Only four months ago when the stock market tanked, it seemed like we were heading for a very tough year. However, as it turns out, it’s been one of the best starts for the Israeli tech scene. As we enter Passover holiday for 2019, it’s good to acknowledge what’s going well.
Intel’s acquisition of Mobileye two years ago for $15.3 billion set a new bar for how high Israeli companies can aim. This year, NVDIA buying Mellanox, the connectivity chipmaker, for $6.9 billion, reaffirmed that Israel still holds the potential to grow additional companies to the same scale as Check Point, now worth $20 billion.
These mega exits paired together with an emerging crop of newer publicly traded Israeli companies finally debunks the myth that Israel is only for early stage startups. Wix, worth $6.2 billion, and CyberArk, worth $4.5 billion, are not just leaders in the Israeli tech scene, but across the globe.
There’s a new set of non-traditional buyers looking to benefit from the Israeli ecosystem in the same way that most of the tech giants have done in the past. Forget Microsoft, Google, and Intel, and say hello to Coca-Cola, Disney, and Costco.
McDonald’s acquisition of the personalization startup Dynamic Yield for $300 million last month is just one example of the many non-traditional acquirers emerging in the Israeli tech scene. Just a few weeks ago, Walmart CEO Doug McMillon visited Israel searching for interesting startups. These new buyers in Israel also point to potential collaborations and acquisitions.
The Israeli cybersecurity industry has long been recognized as a major source for innovation.

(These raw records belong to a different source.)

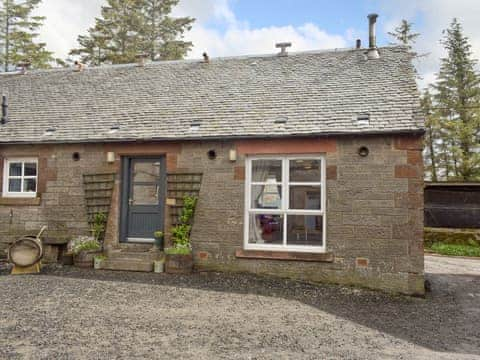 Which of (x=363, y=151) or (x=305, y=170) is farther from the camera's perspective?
(x=305, y=170)

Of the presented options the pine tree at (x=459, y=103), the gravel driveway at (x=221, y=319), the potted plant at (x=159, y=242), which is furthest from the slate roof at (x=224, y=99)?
the pine tree at (x=459, y=103)

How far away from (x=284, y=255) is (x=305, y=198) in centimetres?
123

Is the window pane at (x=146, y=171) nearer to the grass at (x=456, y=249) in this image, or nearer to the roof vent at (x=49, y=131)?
the roof vent at (x=49, y=131)

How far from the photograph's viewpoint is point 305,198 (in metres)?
7.65

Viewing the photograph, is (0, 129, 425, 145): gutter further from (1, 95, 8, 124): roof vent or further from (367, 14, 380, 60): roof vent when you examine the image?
(367, 14, 380, 60): roof vent

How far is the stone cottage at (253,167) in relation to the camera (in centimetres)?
706

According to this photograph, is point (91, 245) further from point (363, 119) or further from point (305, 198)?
point (363, 119)

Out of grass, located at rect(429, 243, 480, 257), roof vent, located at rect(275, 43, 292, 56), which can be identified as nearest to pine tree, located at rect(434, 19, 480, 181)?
grass, located at rect(429, 243, 480, 257)

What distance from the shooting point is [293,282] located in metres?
7.14

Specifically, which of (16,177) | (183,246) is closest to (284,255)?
(183,246)

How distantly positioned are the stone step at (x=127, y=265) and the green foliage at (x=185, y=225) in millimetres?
718

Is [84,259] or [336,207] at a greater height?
[336,207]

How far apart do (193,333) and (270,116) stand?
16.6 feet

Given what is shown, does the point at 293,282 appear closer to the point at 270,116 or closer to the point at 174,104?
the point at 270,116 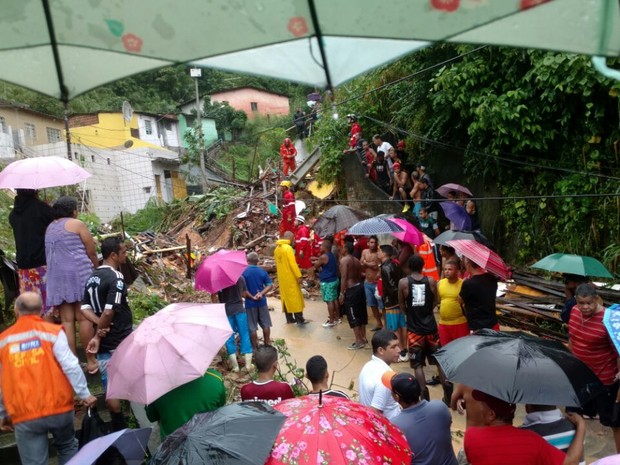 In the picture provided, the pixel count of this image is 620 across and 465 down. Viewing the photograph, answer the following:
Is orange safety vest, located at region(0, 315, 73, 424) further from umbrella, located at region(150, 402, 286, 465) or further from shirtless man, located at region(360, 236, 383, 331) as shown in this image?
shirtless man, located at region(360, 236, 383, 331)

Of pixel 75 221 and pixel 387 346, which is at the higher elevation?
pixel 75 221

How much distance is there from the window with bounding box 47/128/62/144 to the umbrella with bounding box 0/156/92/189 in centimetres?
2582

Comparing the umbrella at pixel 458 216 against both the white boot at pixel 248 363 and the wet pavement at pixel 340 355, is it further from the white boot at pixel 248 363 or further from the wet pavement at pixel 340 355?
the white boot at pixel 248 363

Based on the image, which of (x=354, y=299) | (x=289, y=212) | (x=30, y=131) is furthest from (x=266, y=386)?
(x=30, y=131)

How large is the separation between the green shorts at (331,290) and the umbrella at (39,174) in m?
5.21

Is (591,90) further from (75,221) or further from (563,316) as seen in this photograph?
(75,221)

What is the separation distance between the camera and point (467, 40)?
2.06 metres

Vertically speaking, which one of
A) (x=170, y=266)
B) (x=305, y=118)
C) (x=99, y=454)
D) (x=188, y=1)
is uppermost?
(x=305, y=118)

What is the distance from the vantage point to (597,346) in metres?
4.63

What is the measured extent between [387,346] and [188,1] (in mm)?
3124

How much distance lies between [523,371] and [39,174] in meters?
4.76

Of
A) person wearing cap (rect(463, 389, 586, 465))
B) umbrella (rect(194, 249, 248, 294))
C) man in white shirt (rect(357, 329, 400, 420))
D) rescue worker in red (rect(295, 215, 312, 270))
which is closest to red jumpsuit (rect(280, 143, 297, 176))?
rescue worker in red (rect(295, 215, 312, 270))

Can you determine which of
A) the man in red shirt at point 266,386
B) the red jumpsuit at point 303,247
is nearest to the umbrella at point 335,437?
the man in red shirt at point 266,386

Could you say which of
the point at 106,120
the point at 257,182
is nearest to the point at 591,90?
the point at 257,182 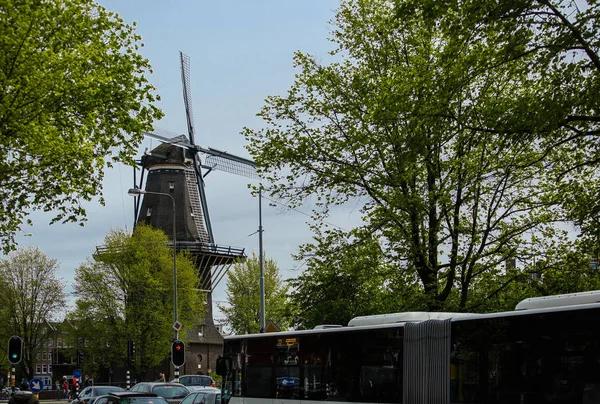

Until recently, many startups purely focused on building a solid product with the plans of selling the company to one of the larger cyber incumbents.
As these companies continue to raise larger amounts of funding, including container-security company Aqua, which raised a $62 million round, and internet of things security company Armis, which raised $65 million, startups are increasingly scaling and not necessarily selling too early.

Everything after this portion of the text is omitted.